[Freeipa-users] let's encrypt integration and best practices for mod_nss/mod_ssl

Rob Crittenden rcritten at redhat.com
Wed Nov 11 16:33:18 UTC 2015


Fraser Tweedale wrote:
> On Tue, Nov 10, 2015 at 08:30:47PM -0800, Prasun Gera wrote:
>> You are right in that the fullchain.pem doesn't have the root certificate.
>> I ran "openssl x509 -in chain.pem -noout -text", and saw that it
>> had Issuer: O=Digital Signature Trust Co., CN=DST Root CA X3, and Subject:
>> C=US, O=Let's Encrypt, CN=Let's Encrypt Authority X1. So I got the root
>> certificate for DST Root CA X3 from
>> https://www.identrust.com/certificates/trustid/root-download-x3.html, which
>> is self signed from what I can tell. The issuer and the subject are the
>> same. I added that to the fullchain, and the command seemed to work.
>> However, it messed something up, and httpd didn't start after that. httpd
>> error log had "Unable to verify certificate 'Signing-Cert'. Add
>> "NSSEnforceValidCerts off" to nss.conf so the server can start until the
>> problem can be resolved ". I added that to nss.conf, and ipactl started
>> successfully after that. However, the webui hadn't configured the
>> certificates properly. At this point, I just restored my backups
>> of /etc/httpd/conf.d/ and /etc/httpd/alias/, which brought things back to
>> where things were earlier. I think it would be better to do these
>> experiments on a test bed first.
>>
> I am at a loss, and must have missed something.  The purpose of this
> command is to be able to install 3rd party certificates, yet the
> code is expecting the certs to be signed by the IPA CA?
>
> Can someone explain what is going on here?

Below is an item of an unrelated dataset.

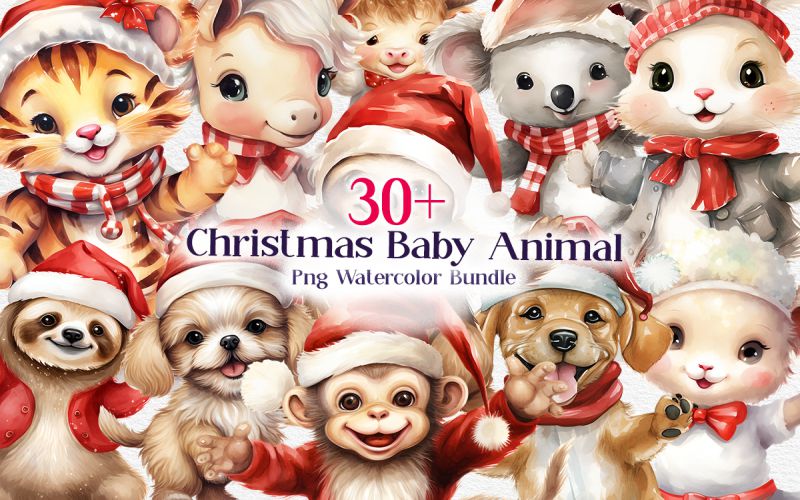 Baby Animal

That isn't the problem. It doesn't require the IPA CA at all. It just 
checks that the root CA which issued the server cert is available (looks 
for subject == issuer). It would appear that something wasn't imported 
into the Apache NSS db.

You'd need to re-run the import and then look at the Apache NSS database 
to ensure that the entire cert chain was imported with the proper trust 
which apparently it wasn't.

# certutil -L -d /etc/httpd/alias

The entire chain should be there, probably with trust like CT,, or C,,.

To fix trust:

# certutil -M -n "<nickname>" -t CT,, -d /etc/httpd/alias

To add missing certs:

# certutil -A -n "<nickname"> -t CT,, -d /etc/httpd/alias -i -i /path/to/pem

Validate the web server cert. Use whatever nickname is appropriate for you:

# certutil -V -u V -n Server-Cert -d /etc/httpd/alias

The more details you have on what you did to fix this the better as that 
can be used to generate a new bug to fix this upstream.